▶ Work to be completed: Write out all the data again, exactly as shown.

▶ Stored records:
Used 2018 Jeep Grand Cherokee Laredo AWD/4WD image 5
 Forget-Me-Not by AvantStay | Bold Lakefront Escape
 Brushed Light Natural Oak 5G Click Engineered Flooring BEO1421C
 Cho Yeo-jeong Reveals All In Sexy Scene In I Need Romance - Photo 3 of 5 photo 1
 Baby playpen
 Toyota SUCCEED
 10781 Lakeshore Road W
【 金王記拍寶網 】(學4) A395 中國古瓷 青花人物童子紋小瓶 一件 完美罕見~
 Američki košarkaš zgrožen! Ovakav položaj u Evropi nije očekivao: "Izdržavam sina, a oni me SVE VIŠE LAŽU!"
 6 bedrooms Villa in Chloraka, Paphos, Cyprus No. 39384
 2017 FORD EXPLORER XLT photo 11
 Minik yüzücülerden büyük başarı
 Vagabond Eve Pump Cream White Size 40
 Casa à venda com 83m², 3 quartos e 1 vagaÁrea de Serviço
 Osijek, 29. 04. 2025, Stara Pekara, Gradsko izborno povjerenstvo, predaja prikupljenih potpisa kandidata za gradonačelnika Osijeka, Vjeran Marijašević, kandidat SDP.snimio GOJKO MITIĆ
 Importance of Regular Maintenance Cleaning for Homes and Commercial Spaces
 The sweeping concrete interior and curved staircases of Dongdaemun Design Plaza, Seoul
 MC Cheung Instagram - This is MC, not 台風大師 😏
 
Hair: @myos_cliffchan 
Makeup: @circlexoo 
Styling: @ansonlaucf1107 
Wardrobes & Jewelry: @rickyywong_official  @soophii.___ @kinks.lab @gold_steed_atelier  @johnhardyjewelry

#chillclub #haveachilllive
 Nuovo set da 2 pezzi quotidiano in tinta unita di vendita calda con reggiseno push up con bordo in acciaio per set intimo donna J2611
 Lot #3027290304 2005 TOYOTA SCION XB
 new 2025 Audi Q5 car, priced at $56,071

▶ Response:
Used 2018 Jeep Grand Cherokee Laredo AWD/4WD image 5
 Forget-Me-Not by AvantStay | Bold Lakefront Escape
 Brushed Light Natural Oak 5G Click Engineered Flooring BEO1421C
 Cho Yeo-jeong Reveals All In Sexy Scene In I Need Romance - Photo 3 of 5 photo 1
 Baby playpen
 Toyota SUCCEED
 10781 Lakeshore Road W
【 金王記拍寶網 】(學4) A395 中國古瓷 青花人物童子紋小瓶 一件 完美罕見~
 Američki košarkaš zgrožen! Ovakav položaj u Evropi nije očekivao: "Izdržavam sina, a oni me SVE VIŠE LAŽU!"
 6 bedrooms Villa in Chloraka, Paphos, Cyprus No. 39384
 2017 FORD EXPLORER XLT photo 11
 Minik yüzücülerden büyük başarı
 Vagabond Eve Pump Cream White Size 40
 Casa à venda com 83m², 3 quartos e 1 vagaÁrea de Serviço
 Osijek, 29. 04. 2025, Stara Pekara, Gradsko izborno povjerenstvo, predaja prikupljenih potpisa kandidata za gradonačelnika Osijeka, Vjeran Marijašević, kandidat SDP.snimio GOJKO MITIĆ
 Importance of Regular Maintenance Cleaning for Homes and Commercial Spaces
 The sweeping concrete interior and curved staircases of Dongdaemun Design Plaza, Seoul
 MC Cheung Instagram - This is MC, not 台風大師 😏
 
Hair: @myos_cliffchan 
Makeup: @circlexoo 
Styling: @ansonlaucf1107 
Wardrobes & Jewelry: @rickyywong_official  @soophii.___ @kinks.lab @gold_steed_atelier  @johnhardyjewelry

#chillclub #haveachilllive
 Nuovo set da 2 pezzi quotidiano in tinta unita di vendita calda con reggiseno push up con bordo in acciaio per set intimo donna J2611
 Lot #3027290304 2005 TOYOTA SCION XB
 new 2025 Audi Q5 car, priced at $56,071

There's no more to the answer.